The Korean autonomous prefecture in China has its capital in Yanji, a city of lush desolation. About 500,000 people, half of them Chinese of Korean minority descent, live near the handful of city blocks full of coffee shops, hearing aid stores, dive bars, karaoke parlors, restaurants serving hunks of dog meat and other Korean specialties, all imbued with the impoverished architectural spirit of a third-tier Chinese city: buildings that seem to take inspiration from bathroom floor tiles or the movie sets of post-apocalyptic thrillers.
I went to Yanji to report on the crystal meth that made its way across the porous North Korean border, about 50 miles from the city, as well as to find out what I could about an alleged crystal meth epidemic in North Korea. Unlike the city of Dandong near the Yalu River further south, Yanji sits near the North Korean border defined by the Tumen, a relatively shallow river, frozen at winter, narrow and laxly policed at points, Yanji is a smugglers paradise. Pine mushrooms, counterfeit cigarettes, sacks of rice, and crystal meth all get carried across the border by North Korean and Chinese traders.
Before arriving, I spoke with dozens of Korea-watchers, and the one thing they agreed on is the difficulty of getting concrete information from North Korea.
One Chinese professor I spoke with, who had researched drug smuggling on the border, jovially insisted I was a spy and refused to speak to me for this story. "Read my article again," he suggested.

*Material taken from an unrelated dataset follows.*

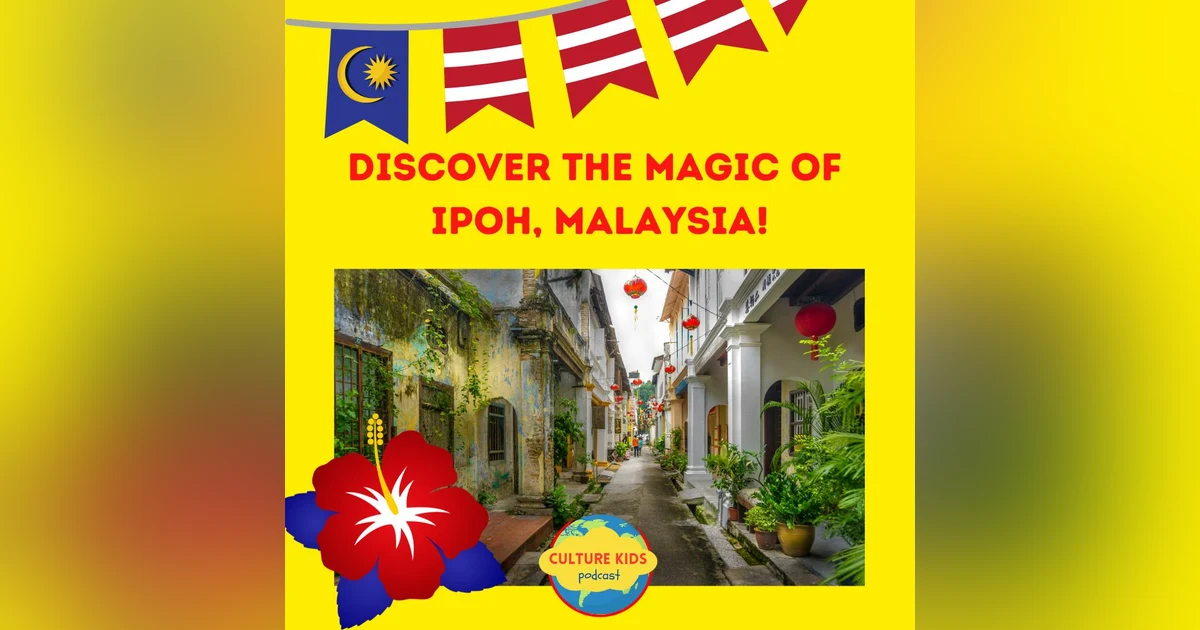 Discover the Magic of Ipoh, Malaysia!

We called the local police's drug enforcement agency and asked to chat about drug problems in the area. The man who answered the phone, who refused to offer more of his name than "Mister Li," said that all leading officers were out and very busy these days and would not have time to talk with a Newsweek reporter about drugs.
What we do know, as Hazel Smith, a British North Korea expert puts is, is "there is a lot of evidence for a lot of nefarious things going on in the border."